The Imaginary App: a new book from Software Studies series @ The MIT Press



The latest book from Software Studies series at The MIT Press:


The Imaginary App

Edited by Paul D. Miller (aka DJ Spooky that Subliminal Kid) and Svitlana Matviyenko. The MIT Press, 2014.


From the publisher:

Mobile apps promise to deliver (h)appiness to our devices at the touch of a finger or two. Apps offer gratifyingly immediate access to connection and entertainment. The array of apps downloadable from the app store may come from the cloud, but they attach themselves firmly to our individual movement from location to location on earth. In The Imaginary App, writers, theorists, and artists--including Stephen Wolfram (in conversation with Paul Miller) and Lev Manovich--explore the cultural and technological shifts that have accompanied the emergence of the mobile app. These contributors and interviewees see apps variously as “a machine of transcendence,” “a hulking wound in our nervous system,” or “a promise of new possibilities.” They ask whether the app is an object or a relation, and if it could be a “metamedium” that supersedes all other artistic media. They consider the control and power exercised by software architecture; the app’s prosthetic ability to enhance certain human capacities, in reality or in imagination; the app economy, and the divergent possibilities it offers of making a living or making a fortune; and the app as medium and remediator of reality.

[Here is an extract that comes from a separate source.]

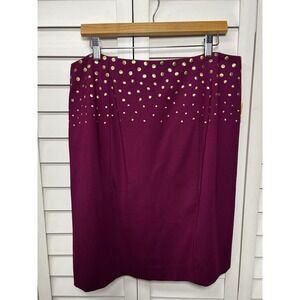 Antonio Melani Studded Stretch Pencil Skirt Women's Size 14 Raspberry NWT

Also included (and documented in color) are selected projects by artists asked to design truly imaginary apps, “icons of the impossible.” These include a female sexual arousal graph using Doppler images; “The Ultimate App,” which accepts a payment and then closes, without providing information or functionality; and “iLuck,” which uses GPS technology and four-leaf-clover icons to mark places where luck might be found.


Contributors:

Christian Ulrik Andersen, Thierry Bardini, Nandita Biswas Mellamphy, Benjamin H. Bratton, Drew S. Burk, Patricia Ticineto Clough, Robbie Cormier, Dock Currie, Dal Yong Jin, Nick Dyer-Witheford, Ryan and Hays Holladay, Atle Mikkola Kjøsen, Eric Kluitenberg, Lev Manovich, Vincent Manzerolle, Svitlana Matviyenko, Dan Mellamphy, Paul D. Miller aka DJ Spooky That Subliminal Kid, Steven Millward, Anna Munster, Søren Bro Pold, Chris Richards, Scott Snibbe, Nick Srnicek, Stephen Wolfram.


About Software Studies series at MIT Press:

The Software Studies series publishes the best new work in a critical and experimental field that is at once culturally and technically literate, reflecting the reality of today’s software culture. The field of software studies engages and contributes to the research of computer scientists, the work of software designers and engineers, and the creations of software artists. Software studies tracks how software is substantially integrated into the processes of contemporary culture and society. It does this both in the scholarly modes of the humanities and social sciences and in the software creation/research modes of computer science, the arts, and design.


Software Studies series co-editors:

Dr. Noah Wardrip-Fruin, The University of California, Santa Cruz (UCSC).

Dr. Lev Manovich, The Graduate Center, City University of New York (CUNY).